Verdade ou consequência? No que diz respeito ao clima, o mundo está actualmente a enfrentar as dois “castigos” ao mesmo tempo. Mas o problema é que ainda não dói. A percepção da maioria das pessoas coincide com o consenso científico sobre estarmos já a sentir os efeitos das alterações climáticas e de os seres humanos serem o seu principal agente causador. Porém, algures neste caminho, população, decisores e cientistas deixam de caminhar juntos. Até que ponto estamos mesmo preocupados com as alterações climáticas e com os cenários anunciados para 2100? Afinal, em 2100 já não estaremos cá para ver. Muitos acreditam que a tecnologia vai resolver os problemas do clima que hoje nos preocupam. E essa é uma perigosa percepção que, na realidade, nos pode tramar.

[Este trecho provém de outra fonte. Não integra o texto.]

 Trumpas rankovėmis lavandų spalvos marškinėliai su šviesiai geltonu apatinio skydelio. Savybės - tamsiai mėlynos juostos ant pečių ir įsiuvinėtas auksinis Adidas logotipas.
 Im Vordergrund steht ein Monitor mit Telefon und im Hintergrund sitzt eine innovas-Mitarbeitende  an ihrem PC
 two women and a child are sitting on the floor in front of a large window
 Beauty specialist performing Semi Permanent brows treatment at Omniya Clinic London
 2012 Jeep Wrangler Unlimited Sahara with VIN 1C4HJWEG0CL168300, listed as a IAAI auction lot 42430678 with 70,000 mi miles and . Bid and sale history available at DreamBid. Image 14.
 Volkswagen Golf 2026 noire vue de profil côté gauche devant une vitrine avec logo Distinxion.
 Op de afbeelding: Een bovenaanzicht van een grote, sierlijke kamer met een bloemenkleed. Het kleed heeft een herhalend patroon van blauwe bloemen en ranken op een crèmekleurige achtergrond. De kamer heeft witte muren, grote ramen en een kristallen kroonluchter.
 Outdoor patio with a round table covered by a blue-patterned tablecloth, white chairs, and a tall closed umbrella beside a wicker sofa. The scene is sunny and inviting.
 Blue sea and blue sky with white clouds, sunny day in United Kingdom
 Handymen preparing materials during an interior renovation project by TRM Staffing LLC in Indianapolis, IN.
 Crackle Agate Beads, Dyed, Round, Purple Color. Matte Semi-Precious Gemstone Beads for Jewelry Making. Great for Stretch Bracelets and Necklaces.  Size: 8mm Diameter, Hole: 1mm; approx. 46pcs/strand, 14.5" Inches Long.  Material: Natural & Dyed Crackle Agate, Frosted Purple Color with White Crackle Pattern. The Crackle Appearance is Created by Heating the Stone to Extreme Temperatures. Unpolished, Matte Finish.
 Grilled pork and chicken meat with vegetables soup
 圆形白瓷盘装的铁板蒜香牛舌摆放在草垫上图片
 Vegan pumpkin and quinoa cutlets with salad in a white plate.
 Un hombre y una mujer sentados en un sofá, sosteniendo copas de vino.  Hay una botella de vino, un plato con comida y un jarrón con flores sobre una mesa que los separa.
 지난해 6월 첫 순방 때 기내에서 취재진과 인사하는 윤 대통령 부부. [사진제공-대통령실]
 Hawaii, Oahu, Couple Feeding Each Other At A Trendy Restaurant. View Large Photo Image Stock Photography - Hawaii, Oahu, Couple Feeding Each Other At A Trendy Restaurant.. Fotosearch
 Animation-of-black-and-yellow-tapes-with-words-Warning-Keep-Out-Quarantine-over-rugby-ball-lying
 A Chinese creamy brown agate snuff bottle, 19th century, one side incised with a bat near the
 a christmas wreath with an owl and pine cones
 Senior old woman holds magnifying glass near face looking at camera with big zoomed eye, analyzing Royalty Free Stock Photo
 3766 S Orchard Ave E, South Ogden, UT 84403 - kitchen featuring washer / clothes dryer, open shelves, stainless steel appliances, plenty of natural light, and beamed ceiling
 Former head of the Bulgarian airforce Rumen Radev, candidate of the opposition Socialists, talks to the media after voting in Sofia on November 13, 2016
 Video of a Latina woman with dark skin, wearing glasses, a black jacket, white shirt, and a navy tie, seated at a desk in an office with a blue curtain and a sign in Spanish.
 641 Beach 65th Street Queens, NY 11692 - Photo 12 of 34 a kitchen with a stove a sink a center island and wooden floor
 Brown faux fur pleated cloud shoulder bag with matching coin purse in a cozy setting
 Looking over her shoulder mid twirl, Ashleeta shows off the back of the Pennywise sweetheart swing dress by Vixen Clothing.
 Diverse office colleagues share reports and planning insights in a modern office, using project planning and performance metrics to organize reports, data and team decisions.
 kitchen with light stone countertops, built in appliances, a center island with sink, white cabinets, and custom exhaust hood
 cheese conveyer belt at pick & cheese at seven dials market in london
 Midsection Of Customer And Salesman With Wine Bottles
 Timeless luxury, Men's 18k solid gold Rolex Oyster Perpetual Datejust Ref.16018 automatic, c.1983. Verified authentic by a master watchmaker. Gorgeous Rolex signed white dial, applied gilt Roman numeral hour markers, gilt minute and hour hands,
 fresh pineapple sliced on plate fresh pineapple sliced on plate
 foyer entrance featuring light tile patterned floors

Esqueça as previsões para 2100 e modelos do clima concebidos por cientistas das mais reputadas organizações do mundo. Recorde apenas o tempo nos últimos dias. Esta semana os dias estarão mais cinzentos, mas em Fevereiro, as temperaturas em Portugal ultrapassaram os 25 graus em várias cidades, muito acima da média para a altura do ano, e o inusitado Verão foi estranhamente bem acolhido em pleno Inverno. Sabe bem, é certo, mas não é normal. Um dias antes, em Janeiro, os EUA atravessaram uma das piores vagas de frio de todos os tempos com temperaturas mínimas de 40 graus negativos e num dos seus insensatos desabafos, o Presidente norte-americano Donald Trump tweetou para o mundo: “Mas o que é que se passa com o Aquecimento Global? Volta depressa, por favor, precisamos de ti!” O mundo, que ainda lhe presta atenção, respondeu com indignação e factos. O “tal” aquecimento estaria naquele exacto momento atrapalhado a sufocar a Austrália com mais de 40 graus Celsius positivos em muitas cidades. Por todo o lado, os cientistas foram chamados a comentar o fenómeno claramente associado às alterações climáticas. O aquecimento global é uma das manifestações das alterações climáticas. Como os fenómenos extremos também são. Ou seja, como as vagas de frio também são. Ou os incêndios ou os furacões ou as inundações ou as secas.

Portugueses preocupados?

Mas deixemos o mau exemplo dos EUA que tem servido para reconfortar muitos líderes mundiais com a certeza de que há pior do que não fazer nada. No final do ano passado, foram divulgados os resultados do Inquérito Social Europeu sobre alterações climáticas e energia. O documento destaca Portugal: “A preocupação com as alterações climáticas é particularmente elevada em Portugal, Espanha e Alemanha, sendo que Portugal é único país onde mais de 50% da população refere estar muito ou extremamente preocupada com a questão.” Os portugueses voltam a ser chamados quando se fala na preocupação com a acessibilidade da energia mostrando que só são ultrapassados por Espanha (com 70%) na inquietude de 68% dos inquiridos sobre este tema.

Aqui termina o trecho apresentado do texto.